[Information supplied — start]

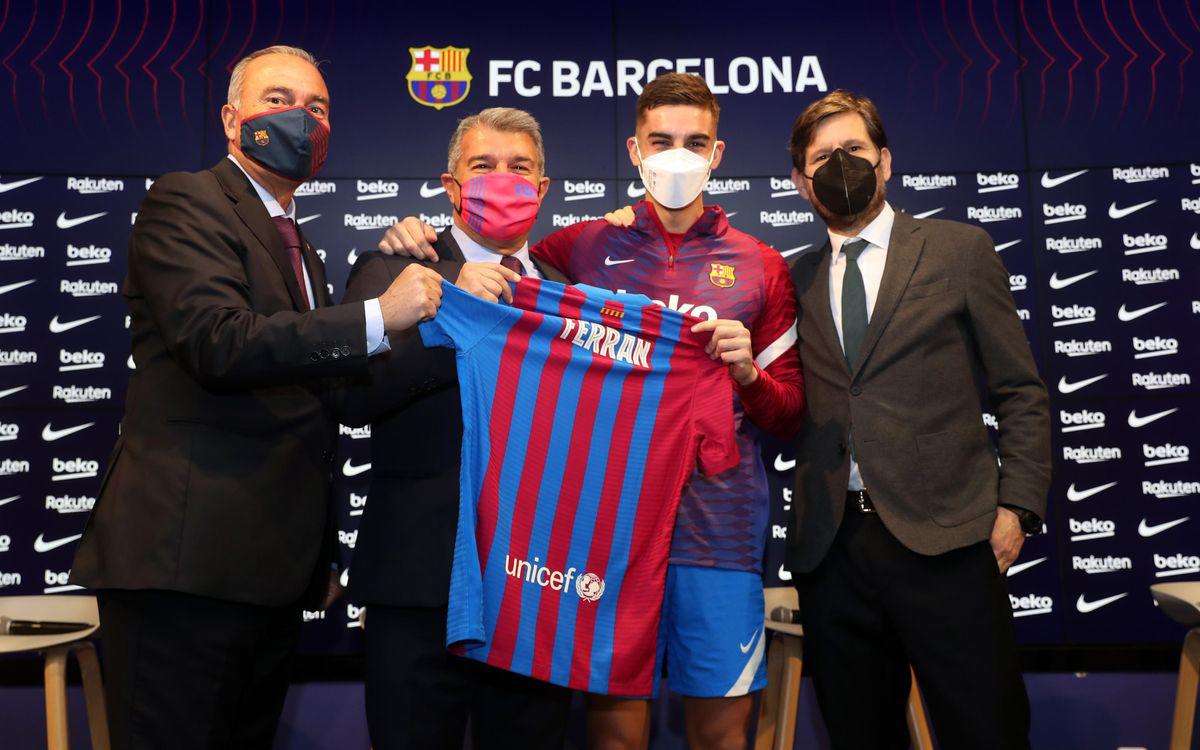 Así fue la presentación de Ferran Torres en el Barcelona: Locura en el Camp Nou, sus mejores amigos ¿y el dorsal?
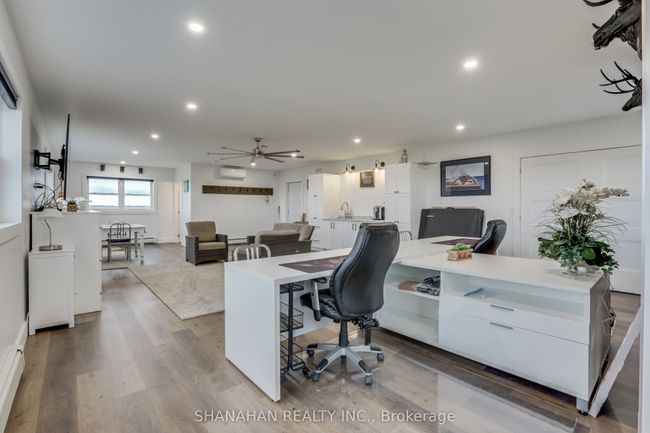 1575 Dobbyn Rd, House other with 2 bedrooms, 2 bathrooms and 20 parking in Alvinston ON | Image 23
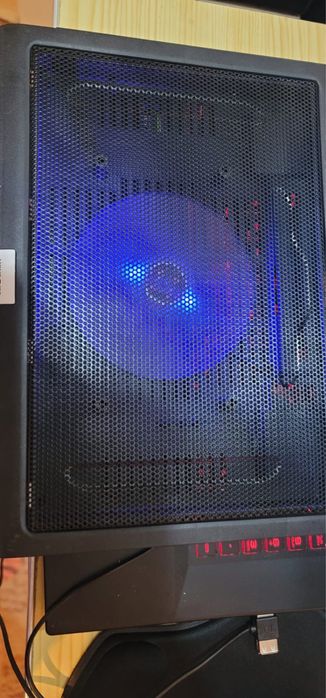 Из Кореи Ноутбук MSI Sword 17 A11UD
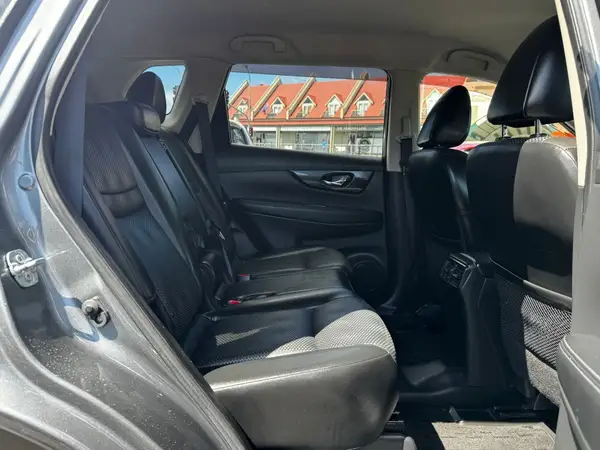 2017 Nissan X-Trail 20X Carousel 2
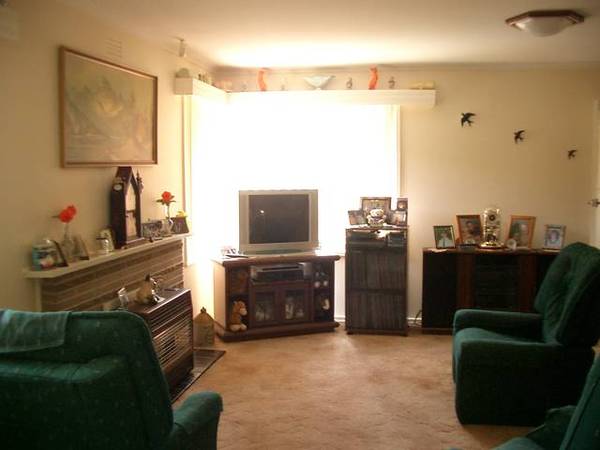 CLASSIC 60'S BRICK VENEER Picture 3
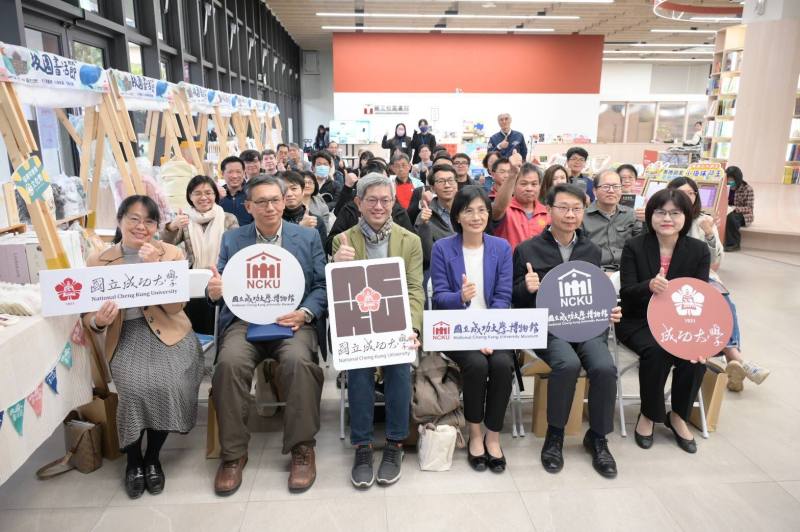 王船造船圖譜」特展開幕合影（右起海洋委員會林麗英處長、臺南市政府文化局林喬彬主任秘書、國立成功大學陳玉女副校長、國立成功大學博物館吳秉聲助理副校長兼博物館館長、策展人陳政宏主任、吳奕芳所長）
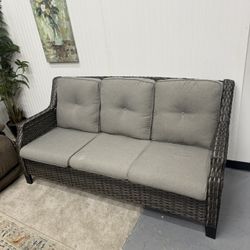 Wicker Patio Sofa / Couch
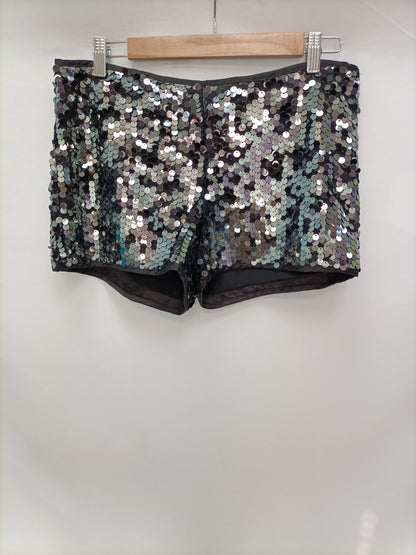 BLANCO. Shorts lentejuelas T.38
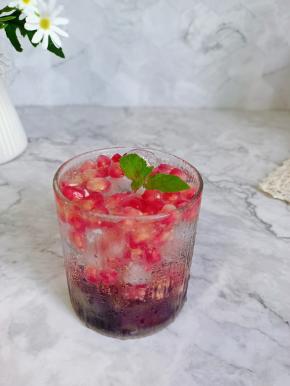 午后给自己来一杯气泡饮，妥妥的无负担！每天从一杯健康饮用水开始。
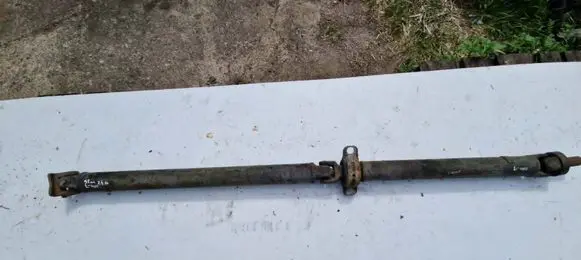 Mitsubishi L400, Space Gear Rear driveshaft/prop shaft 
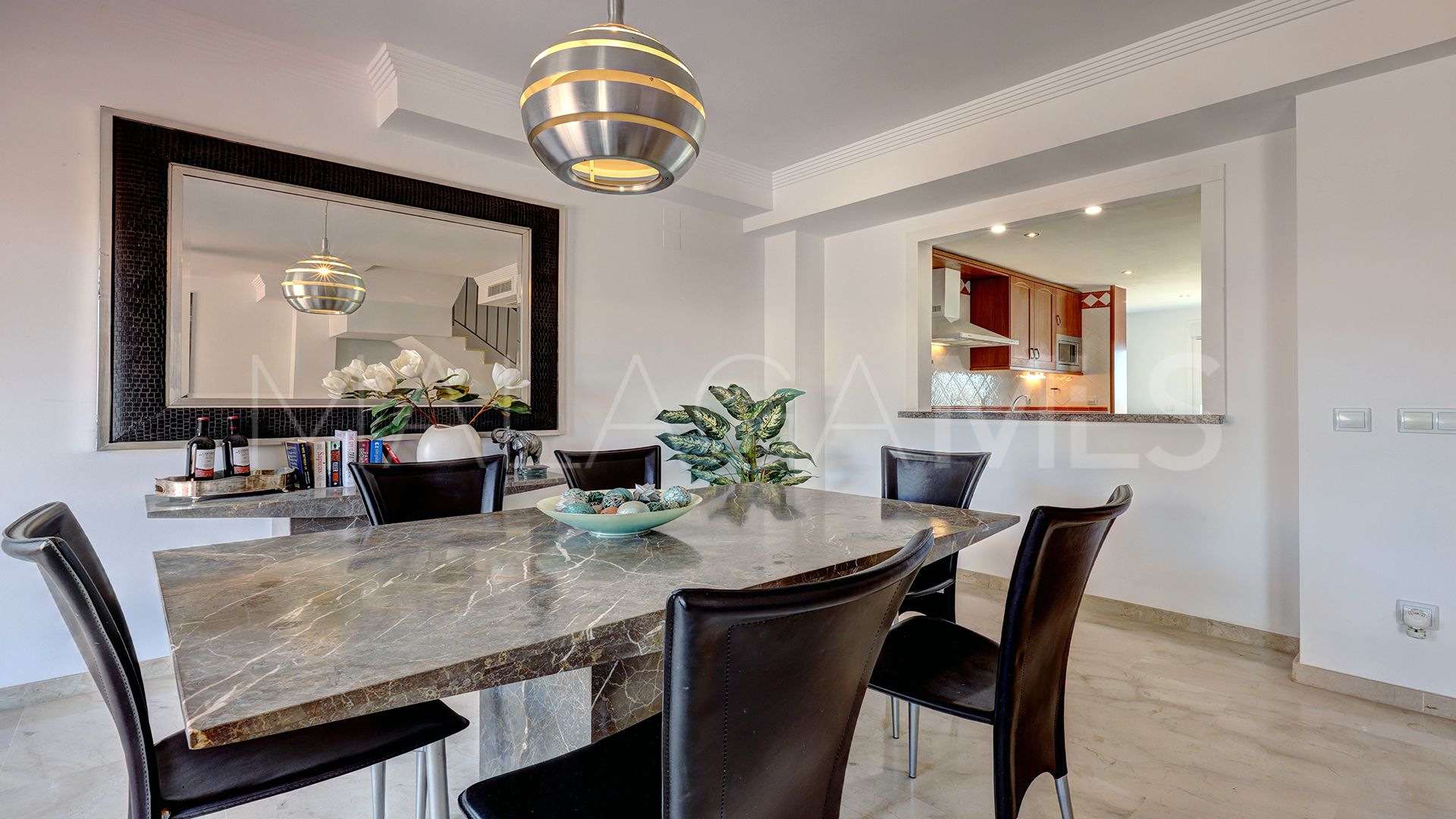 For sale La Vizcaronda town house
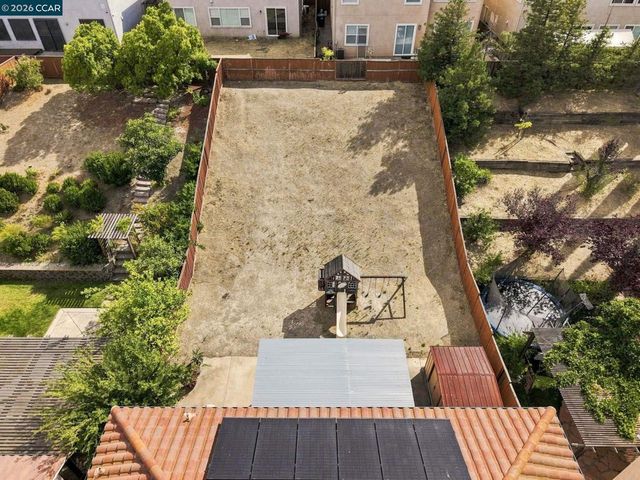1325 San Lucas Dr, Pittsburg, CA 94565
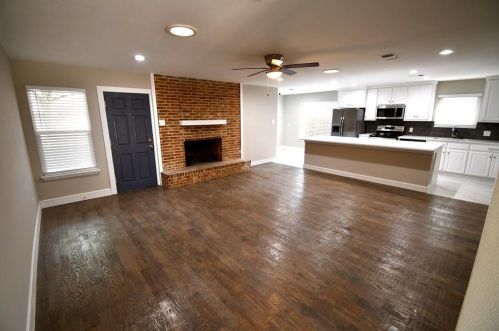 213 Scotland Dr, Irving TX  75062-8605 exterior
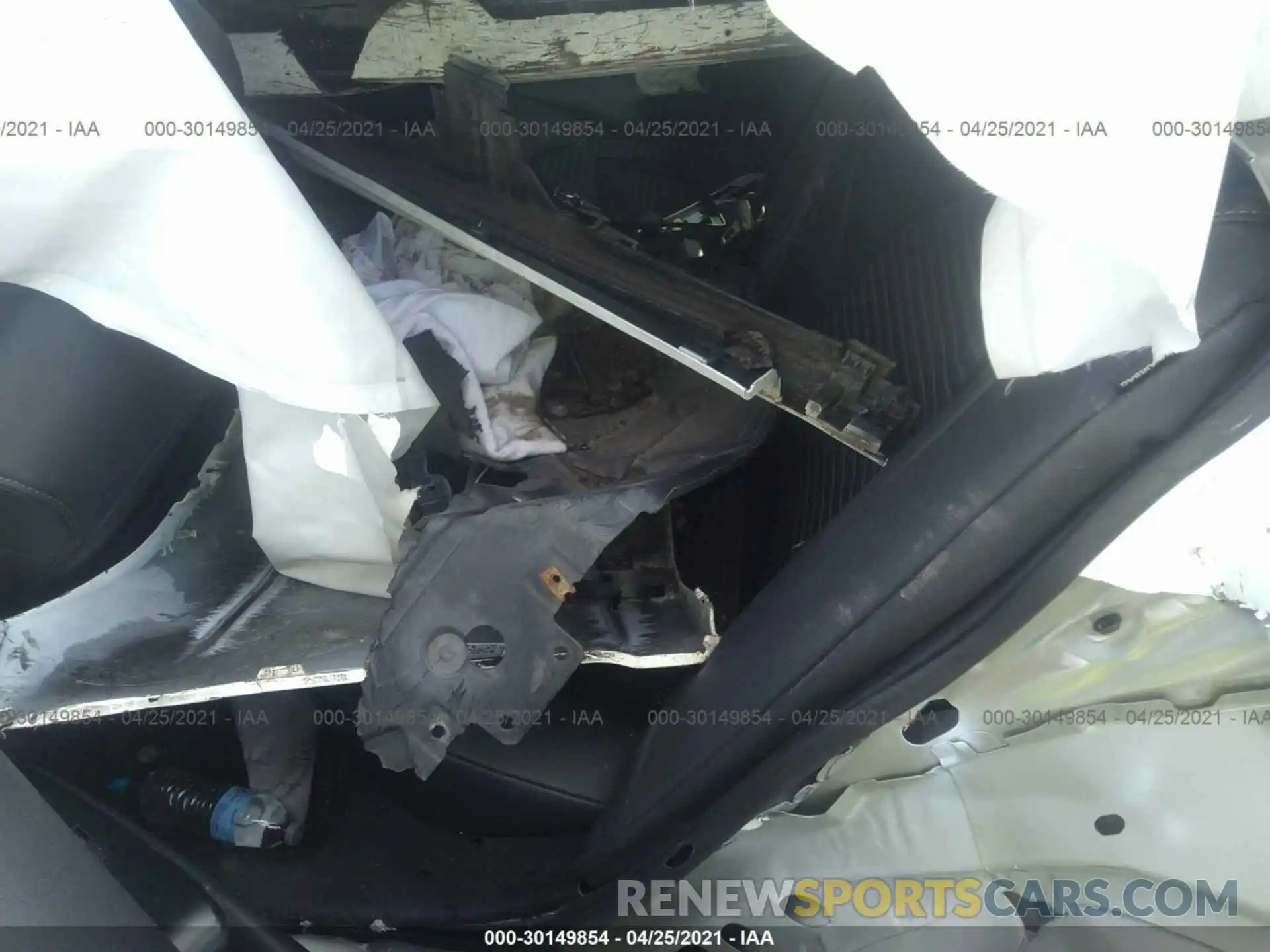 8 Photograph of a damaged car 4T1B11HK9KU755561 TOYOTA CAMRY 2019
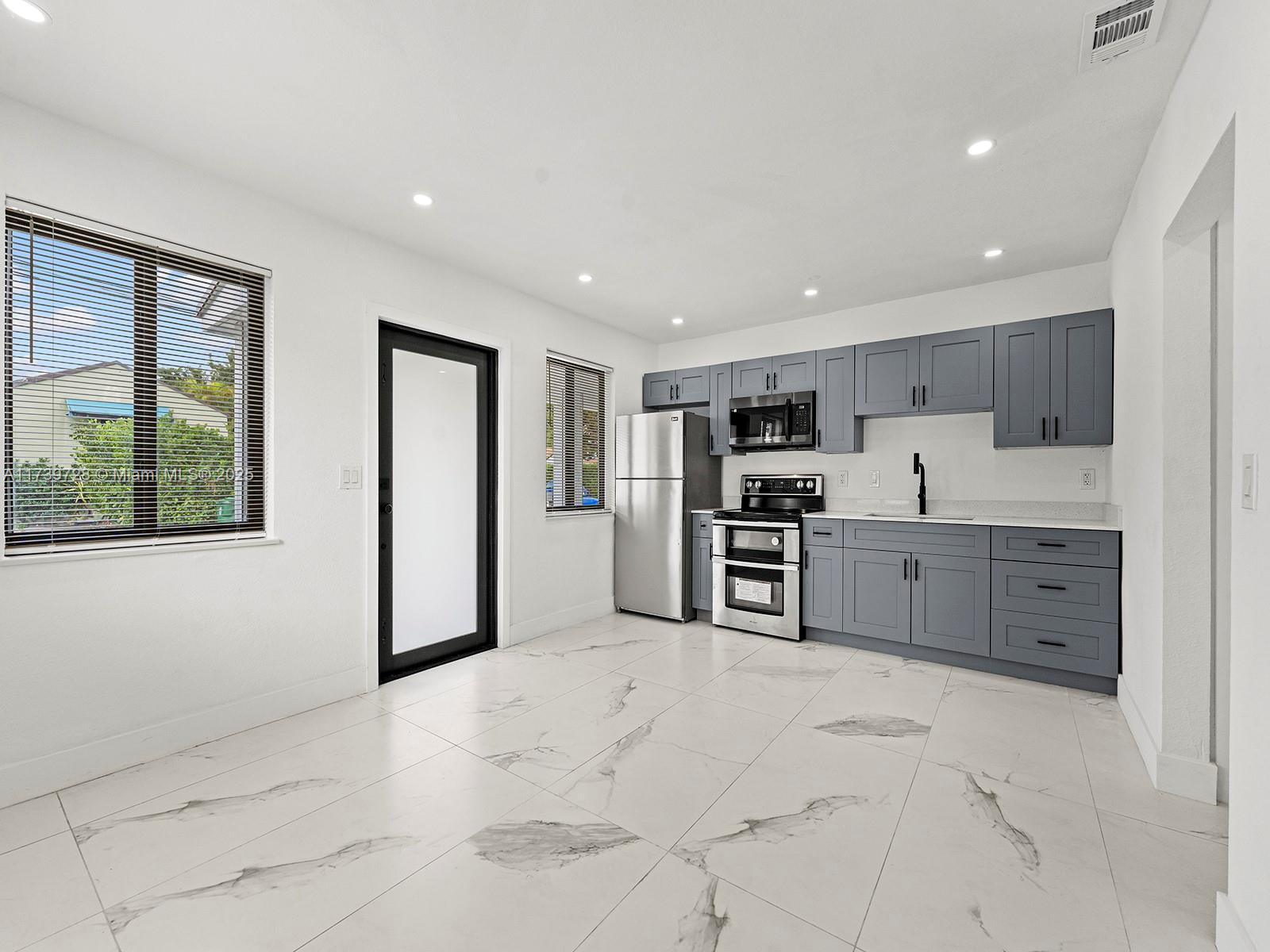 RIDGEVIEW SUB - Residential Income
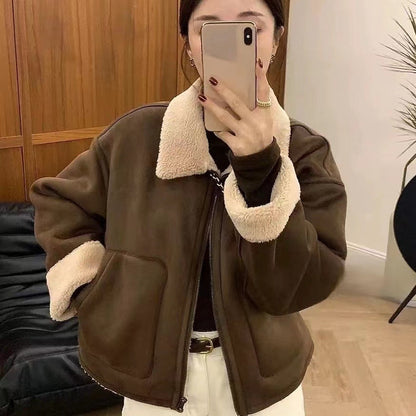 Thick and warm shearling coat for women with lapel
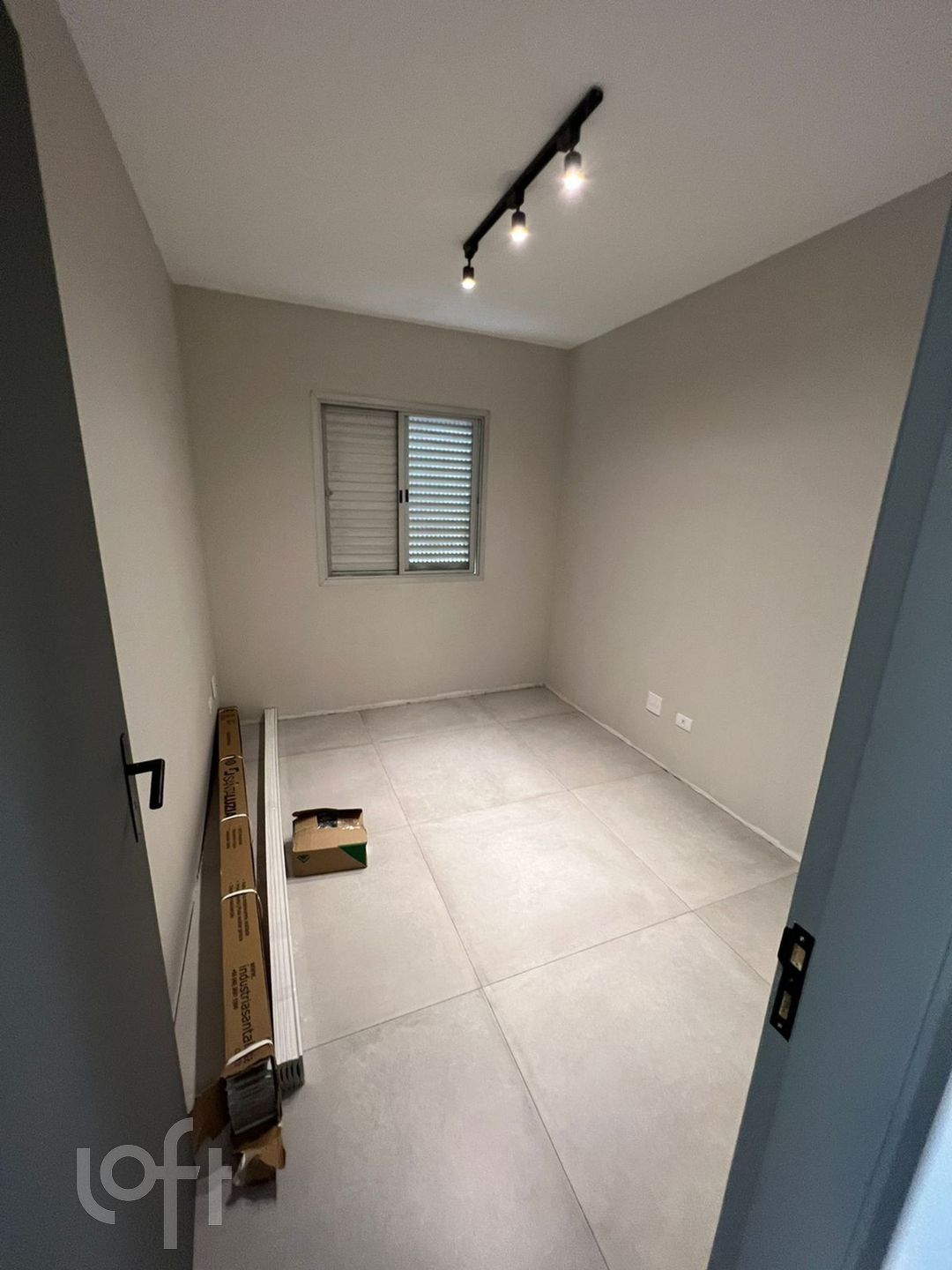 Apartamento à venda com 2 quartos, 50m² - Foto 2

[Information supplied — finish]

Brief>
Could you set down word for word each line from the one holding "CLASSIC 60'S BRICK VENEER Picture 3" through the end of the material above, without any pictures?

Task solution>
 CLASSIC 60'S BRICK VENEER Picture 3
 王船造船圖譜」特展開幕合影（右起海洋委員會林麗英處長、臺南市政府文化局林喬彬主任秘書、國立成功大學陳玉女副校長、國立成功大學博物館吳秉聲助理副校長兼博物館館長、策展人陳政宏主任、吳奕芳所長）
 Wicker Patio Sofa / Couch
 BLANCO. Shorts lentejuelas T.38
 午后给自己来一杯气泡饮，妥妥的无负担！每天从一杯健康饮用水开始。
 Mitsubishi L400, Space Gear Rear driveshaft/prop shaft 
 For sale La Vizcaronda town house
1325 San Lucas Dr, Pittsburg, CA 94565
 213 Scotland Dr, Irving TX  75062-8605 exterior
 8 Photograph of a damaged car 4T1B11HK9KU755561 TOYOTA CAMRY 2019
 RIDGEVIEW SUB - Residential Income
 Thick and warm shearling coat for women with lapel
 Apartamento à venda com 2 quartos, 50m² - Foto 2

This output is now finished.